During a presentation to the Rome Rotary Club on Thursday afternoon, Taylor said his students are always shocked to learn that the most deadly form of weather is a heat wave.
The professor said that the U.S. and Europe contribute about 30% each to the growth of greenhouse gas emissions.
“Ninety-eight to 99% of the scientists feel that humans are the main cause of climate change. If you look at the chemical signatures of the atmosphere they resemble oil,” Taylor said. “It’s hard for me to think of a ton of down sides to moving away from fossil fuels. It’s a hundred plus year old technology and we’re going to run out of it anyway.”
Asked about the impact of switching to electric vehicles, Taylor said it kind of depends on where the electricity comes from.
For example, he said, growth of electric vehicles in the Pacific Northwest will be served largely by electricity produced from hydropower with a minimal carbon footprint.
“If you’re getting your power from some old, not very efficient coal-fired power plant built in 1948, you’re probably not (helping) much with an electric car,” Taylor said.
The professor also said the continual problem with wildfires out west is that the forests are having a really hard time recovering and growing back.

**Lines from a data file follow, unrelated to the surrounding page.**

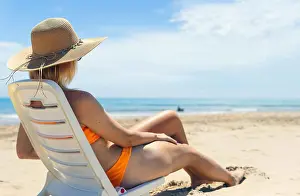 Outstretched Prints: sexy tanned girl is sitting on a sun lounger in an orange swimsuit and a brown hat
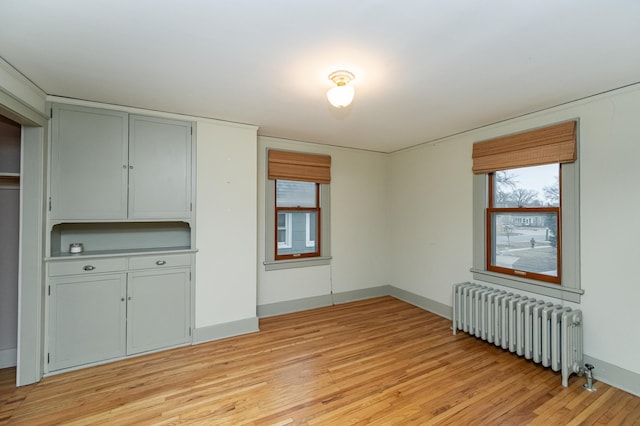 unfurnished room featuring baseboards, radiator, and light wood-style floors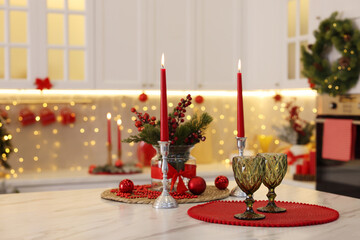 Christmas decor and glasses on light marble table in kitchen, space for text. Interior design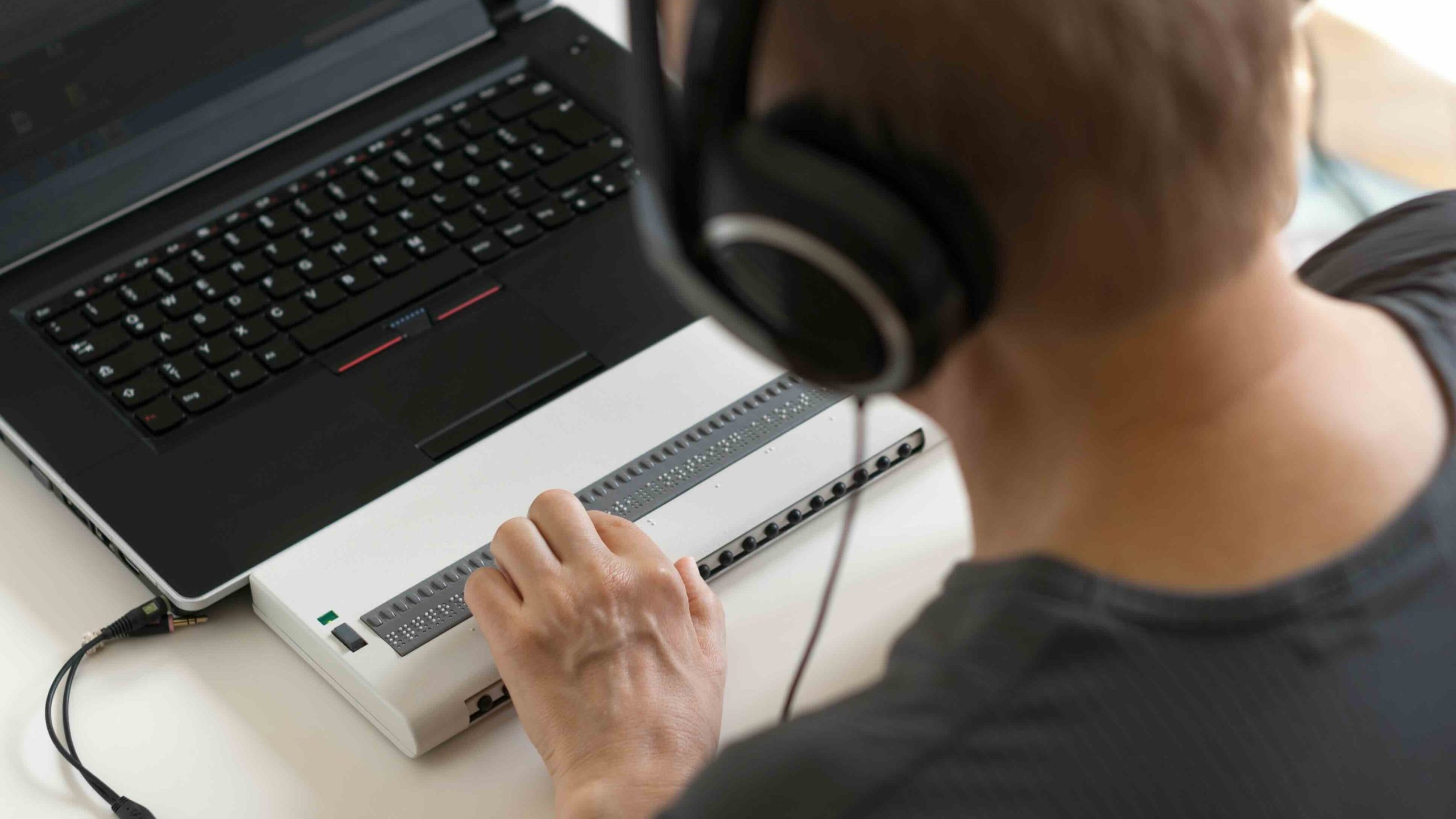 Person using a laptop with a refreshable braille display and wearing large over-ear headphones, with one hand reading the braille device on a desk.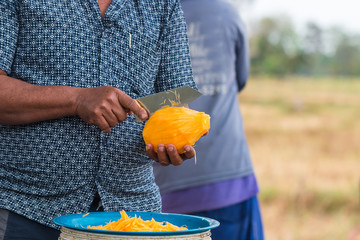 moveing a knife to chop papaya for cooking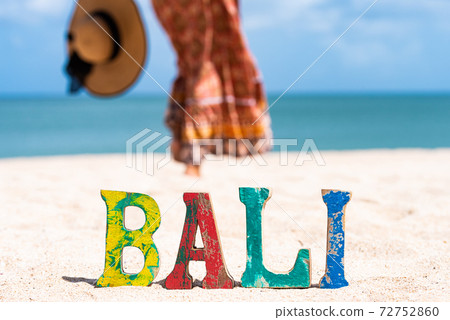 Bali sea and traveler woman Bali sea and traveler woman 72752860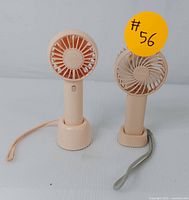 Front view of two peach-colored compact handheld fans standing on their matching charging bases with wrist straps visible, displayed on white background.
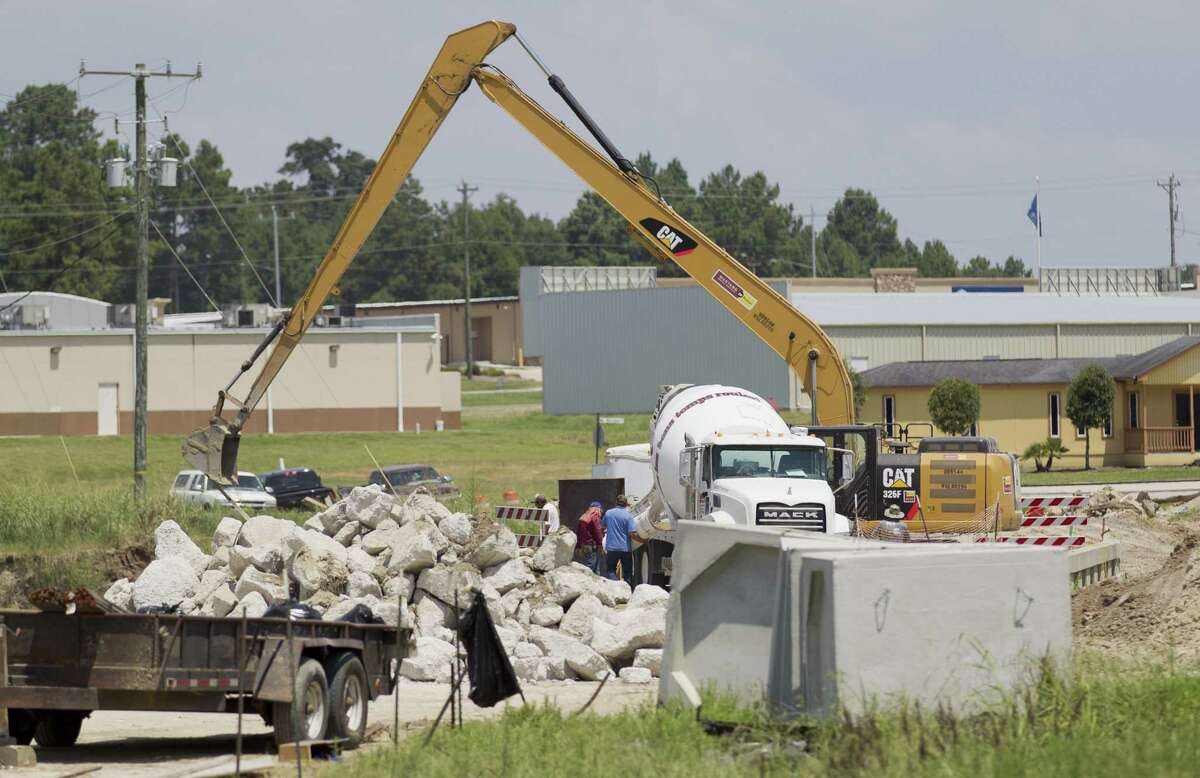 Construction on the Buffalo Springs Bridge continues on Wednesday, July 25, 2018, in Montgomery. Contractors estimate the bridge repair work will be completed in August. The bridge was damaged and closed in May 2016 following the Tax Day flood. The repair project totals $1.86 million with FEMA funding expected to cover 75 percent of the project. The rest of the cost will be paid by the city of Montgomery though a $350,000 Community Development Block Grant for disaster relief.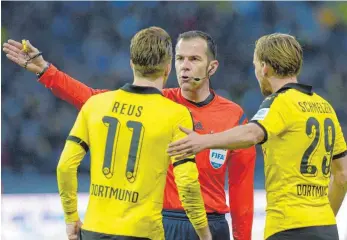  ?? FOTOS: IMAGO SPORTFOTOD­IENST/THORSTEN KERN ?? Für klare Ansagen ist Marco Fritz bekannt, hier spricht er mit den beiden Dortmunder Profis Marco Reus und Marcel Schmelzer. Am Montagaben­d war der Fifa-Schiedsric­hter bei der Schiedsric­htergruppe Ravensburg zu Gast (Foto unten).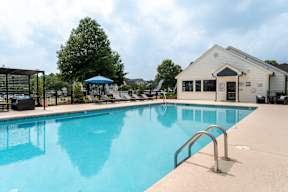 A large swimming pool with a diving board and a building in the background.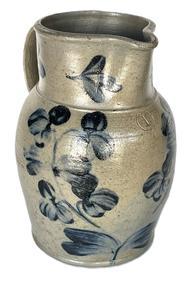**SOLD** K271 19th century Baltimore, Maryland Peter Herman one gallon Crock Pitcher stamped I. There is a small hairline crack in the rim. This small stoneware pitcher was made in Baltimore circa 1850 to 1870. It is decorated in cobalt with a two-stemmed flowering plant, along with flowers on the rim and highlights at the handle terminals. Measurements: 10 ¼ tall.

“If you’re a forest, you have to adapt to changes. It’s going to get warmer, probably drier,” Taylor said. “Those are a lot of changes to ask nature to adapt to in a really quick amount of time.”
Those changes are resulting in an environment that is not able to absorb as much carbon.
Individuals can make a difference by becoming energy efficient, from conserving water to enhancing the insulation of a home, Taylor said.